Paris: Continuation of the French Narrative

Leaving the confines of our small town in Normandy, the group boarded the bus to Paris. To be quite honest, my expectations for Paris were not fantastic. Rumors of snobby people, crowded tourist traps, and over expensive food swirled in my head. Frankly I was the least excited about Paris out of all of our destinations. I would probably be ruined by Anthony Bourdain if he heard me say that. BUT, to save face (kinda), I was glad I proved myself wrong.

It is a stunningly beautiful city, possibly the most visually pleasing one I’ve ever been in. Where New York smacks you in the face with skyscrapers, Paris has mostly just 4-6 level buildings fashioned in mainly baroque or classical styling. This architecture is charming and welcoming in a way. Coupled with the Eiffel Tower and cathedrals, there certainly is a romantic flair to the city. The food was good, nothing too expensive, especially compared to London. The people were not too snobby either most of the time. The tourist destinations were packed though, but that wasn’t going to change with the outstanding weather and it being the month of May.

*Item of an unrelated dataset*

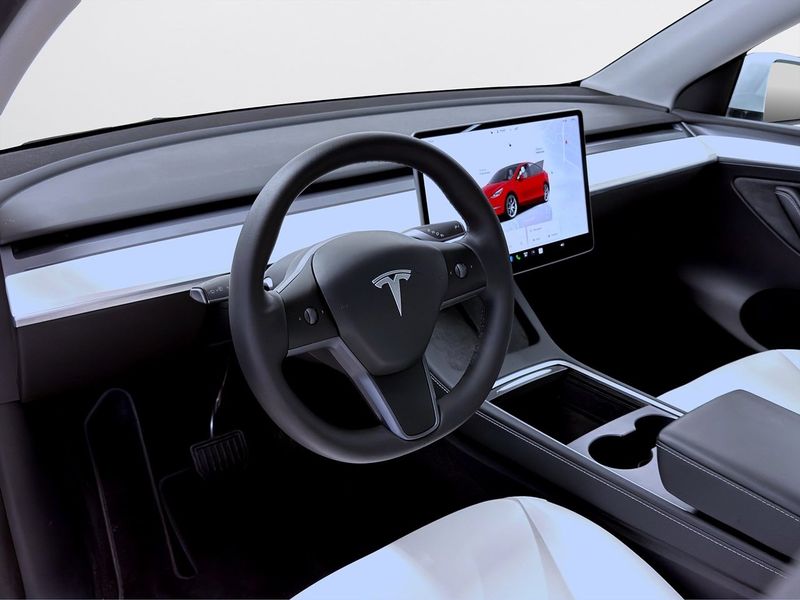 Tesla Model Y bild 13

The Eiffel Tower dominating the Parisian skyline


After being peeved at the narrative presented on the liberation in Normandy, the one presented in Paris was definitely more favorable towards the Americans. Regardless, the group went into Les Invalides – the French War Museum – with a little bit of trepidation. It’s World War II section was very straightforward, detailed, and only really unique in a few regards. The narrative presented was one familiar to American World War II museums. They focused heavily on the occupation of France and Free France under Charles de Gaulle, which makes sense. However, the exhibit made a point that nearly every major battle in the Western theater from North Africa all the way to the fall of Paris included some kind of crucial involvement from the French Resistance. In addition, the emphasis on Free France and the liberation of Paris played heavily into that idea. To poorly summarize, Free France, led by Charles De Gaulle, were crucial in the Western front and liberated the actual city of Paris themselves. Am I skeptical of this viewpoint? Both yes and no.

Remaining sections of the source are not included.